Task prompt >> Nothing but the lines from the first line of the material below through the line that holds "Марина Майер до" should be set down, exactly and with pictures left out.
..............................
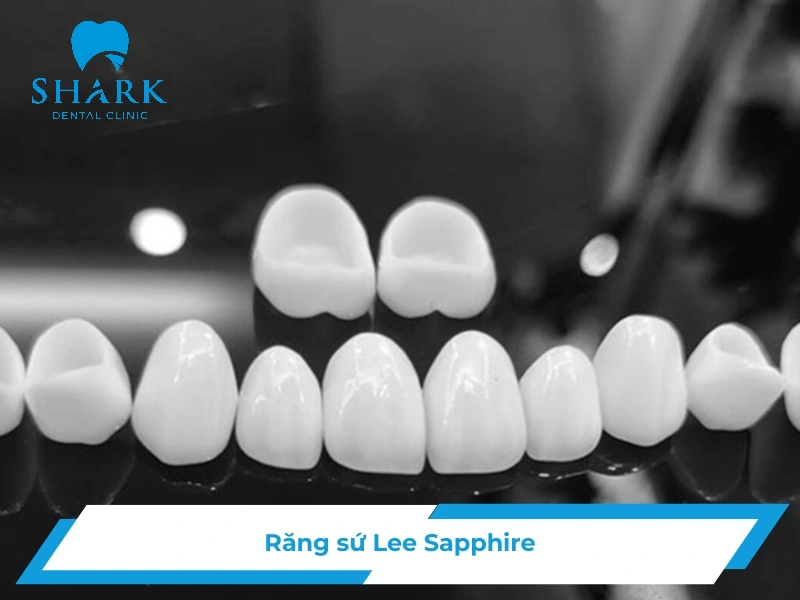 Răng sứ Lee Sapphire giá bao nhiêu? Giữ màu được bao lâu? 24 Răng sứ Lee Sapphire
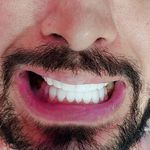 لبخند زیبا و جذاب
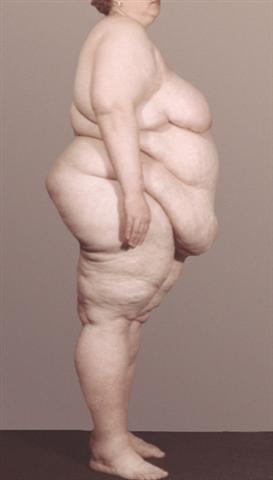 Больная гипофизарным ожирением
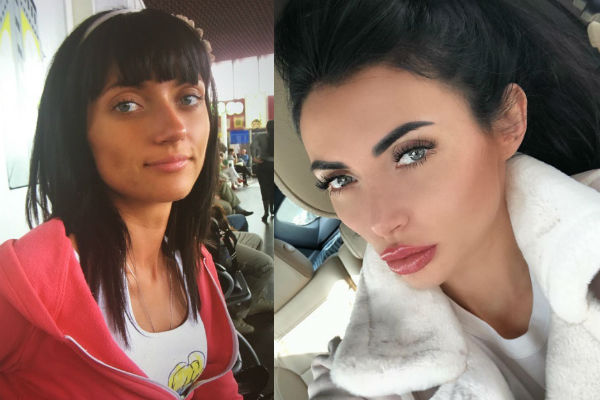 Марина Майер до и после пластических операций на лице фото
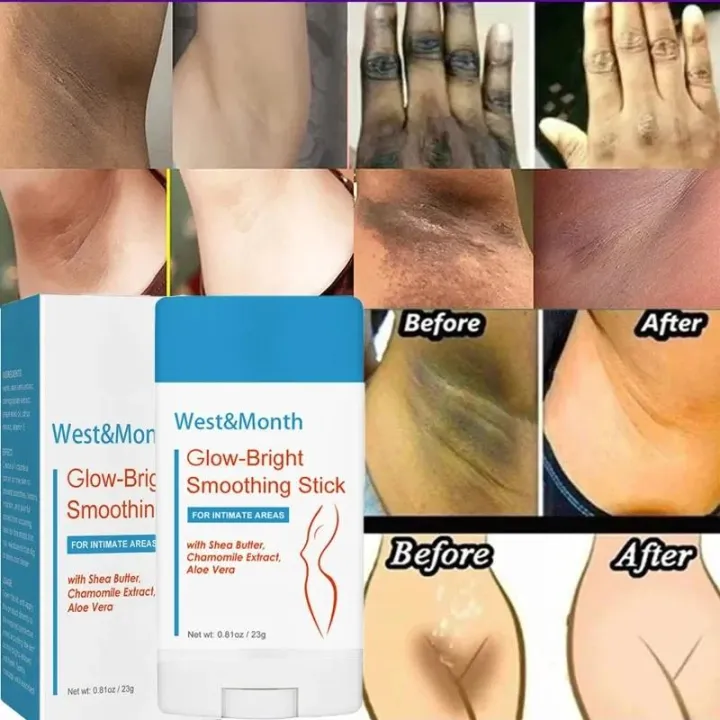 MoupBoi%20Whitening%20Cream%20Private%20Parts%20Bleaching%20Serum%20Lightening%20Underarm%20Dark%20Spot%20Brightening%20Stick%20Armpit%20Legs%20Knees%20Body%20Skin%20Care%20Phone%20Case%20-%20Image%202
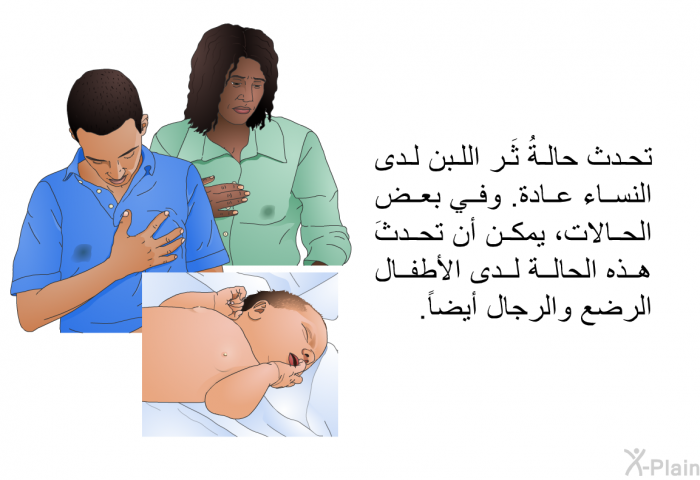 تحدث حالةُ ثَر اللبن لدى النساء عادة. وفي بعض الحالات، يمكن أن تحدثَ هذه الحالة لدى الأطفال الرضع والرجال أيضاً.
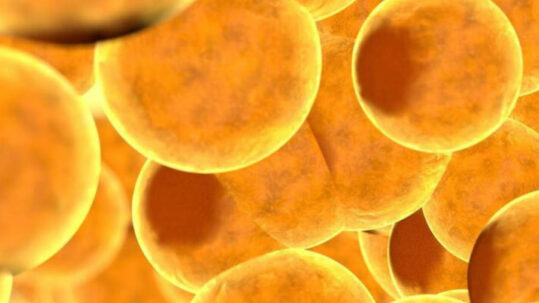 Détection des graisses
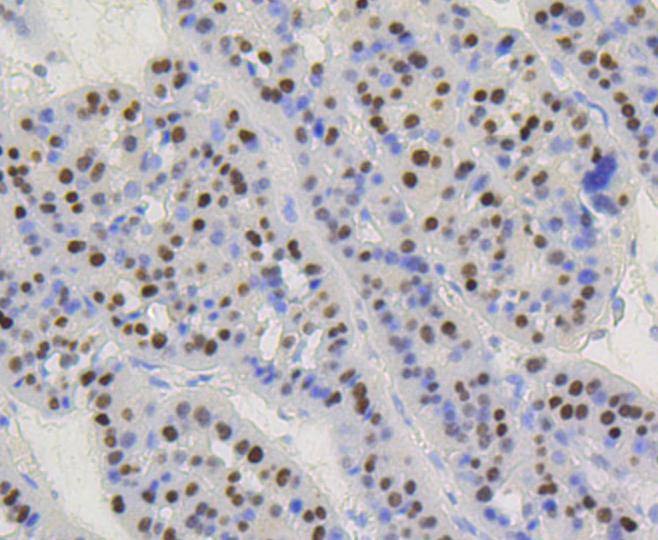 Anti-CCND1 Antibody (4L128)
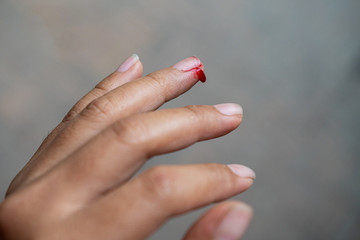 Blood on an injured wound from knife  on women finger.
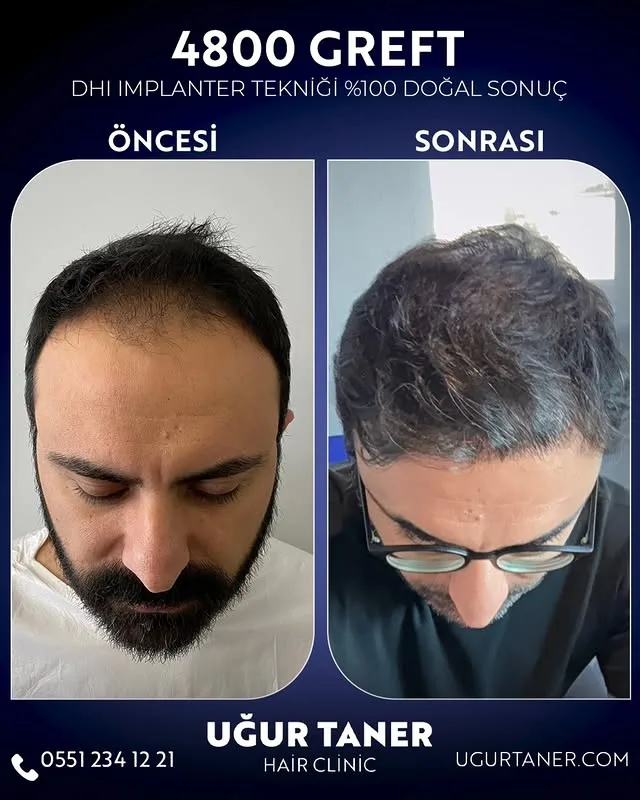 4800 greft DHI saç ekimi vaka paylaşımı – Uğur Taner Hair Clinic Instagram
..............................
Response area >>
 Răng sứ Lee Sapphire giá bao nhiêu? Giữ màu được bao lâu? 24 Răng sứ Lee Sapphire
 لبخند زیبا و جذاب
 Больная гипофизарным ожирением
 Марина Майер до и после пластических операций на лице фото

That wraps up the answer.